The bigger they are, the harder…
Okay, with a $55.7 million, four-day opening weekend, it would be an exaggeration to say that Sony’s Godzilla has fallen. But despite more than a year of prerelease marketing and placement in a record number of theaters (3,310, totaling 7,363 screens), the size-touting remake of the 1954 Japanese monster flick opened to poor reviews and — despite the predictions — did not even come close to The Lost World: Jurassic Park‘s $90.2 million take on the same weekend last year. Heck, last week’s Powerball winners made more than Godzilla, and that was after taxes.
According to industry analysts, the sci-fi extravaganza now appears to be headed toward a $140 million domestic box office take. That’s considerably less than the reported $170 million spent to make the film and market it in the U.S. But the studio remains optimistic. ”It’s the seventh-biggest opening of all time,” says a Sony spokesperson. ”I don’t know how anyone could be disappointed with these numbers.”
All this still leaves the nagging question, What went wrong? How could such a surefire movie spawn such a ho-hum opening? For one thing, a lack of star power (where’s Will Smith when you need him?). More important, however, is the inescapable fact that script matters. ”The story definitely was lacking,” says Ed Mintz, president of the audience-polling company CinemaScore. ”People said [the movie] was too computery and the creature looked fake.” And while realism isn’t high on most moviegoers’ summer-blockbuster checklists, a lack of logic throughout the film did leave some folks scratching their heads.
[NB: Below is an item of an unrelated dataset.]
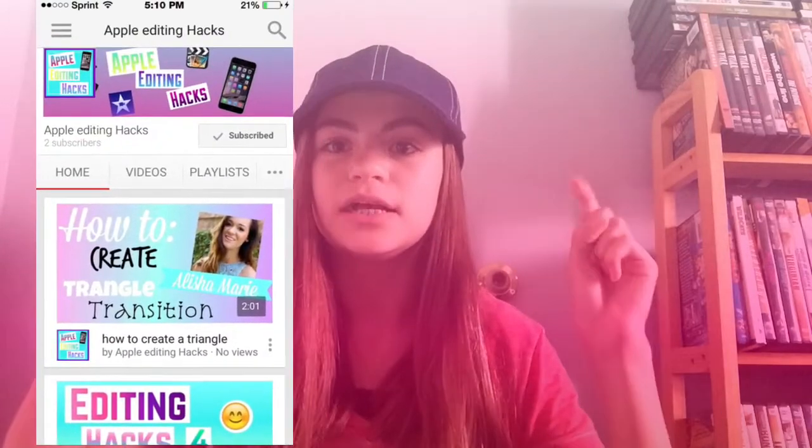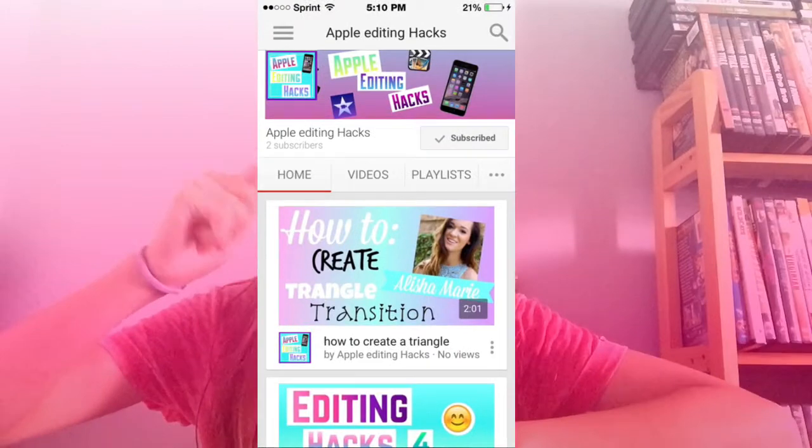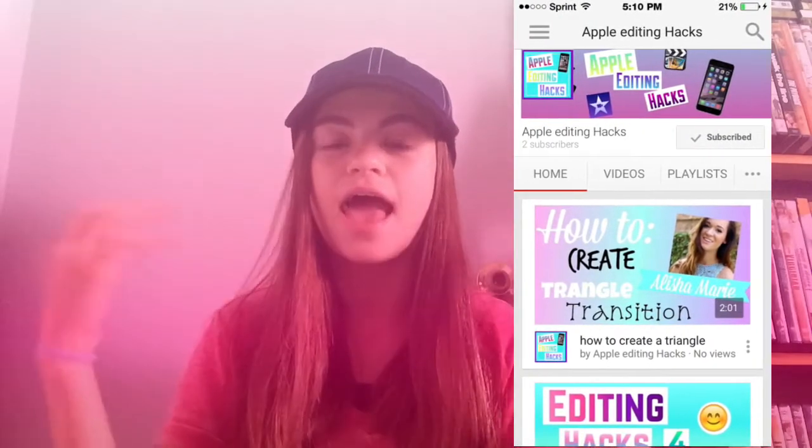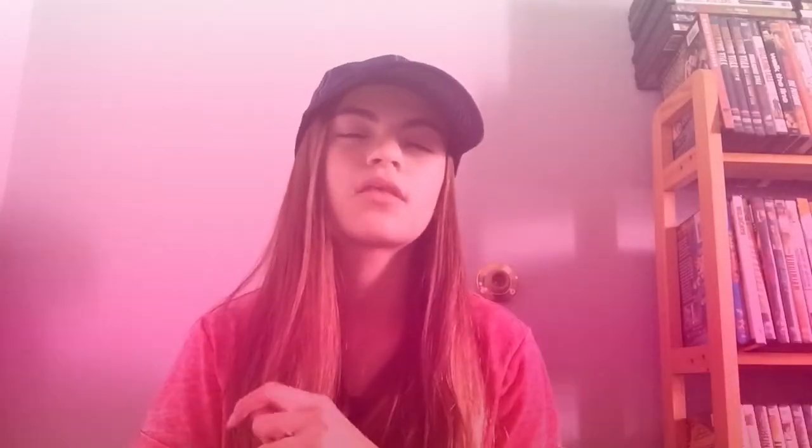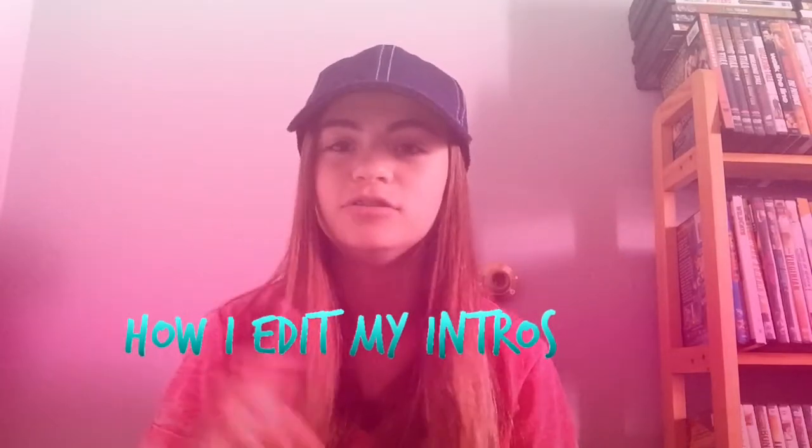So I decided to make another channel — it's called Apple Editing Hacks. If you'd like to go check it out, I post all my editing videos there, like how I got the triangle transition, moving text — I'll do a tutorial on that. I'm doing a tutorial on almost everything that I used to edit, or things that I found out, and that will all be on that separate channel.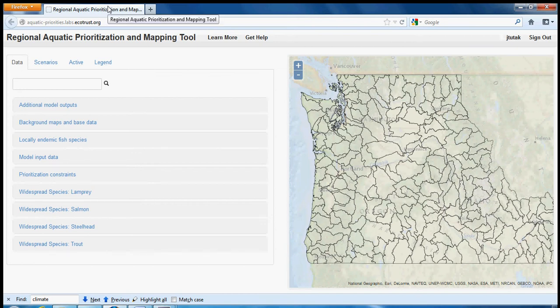Welcome to the Regional Aquatic Prioritization and Mapping Tool. The tool has recently been updated with additional data and functionality, as well as a new user interface. This video will go over how to view the many data layers in the tool.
With so many unanswered questions, EW did a little digging to uncover the Godzilla-honest truth.
— What are the odds that a lizard would swim across an ocean and up hundreds of miles of coastline to build a nest in one of the world’s most densely populated cities?
”Zero,” says John Behler, curator of reptiles at New York’s Bronx Zoo. ”They may move some distance to a favorite nesting area, but it’s typically within a relatively short distance, from a few feet to a couple of hundred yards.”
— Do lizards really collect and stockpile food for their unhatched eggs?
T. rexes give their babies plenty of TLC (or so Lost World tells us), but lizards are another story: ”There’s very little maternal behavior exhibited in most reptiles,” says Behler. ”There’s no feeding of the young. They’re not like birds at all. That just isn’t part of reptilian makeup.” Still, we can understand this mistake. We kept confusing Godzilla with a T. rex too.
— Could you actually use a human pregnancy test to determine if a lizard is egg-heavy?
No. ”It only works on humans,” says Patricia Nasshorn, president of Unipath, the company that makes the home pregnancy test Clear Blue Easy. ”The hormone it tests begins with an h, which means it’s a human hormone.”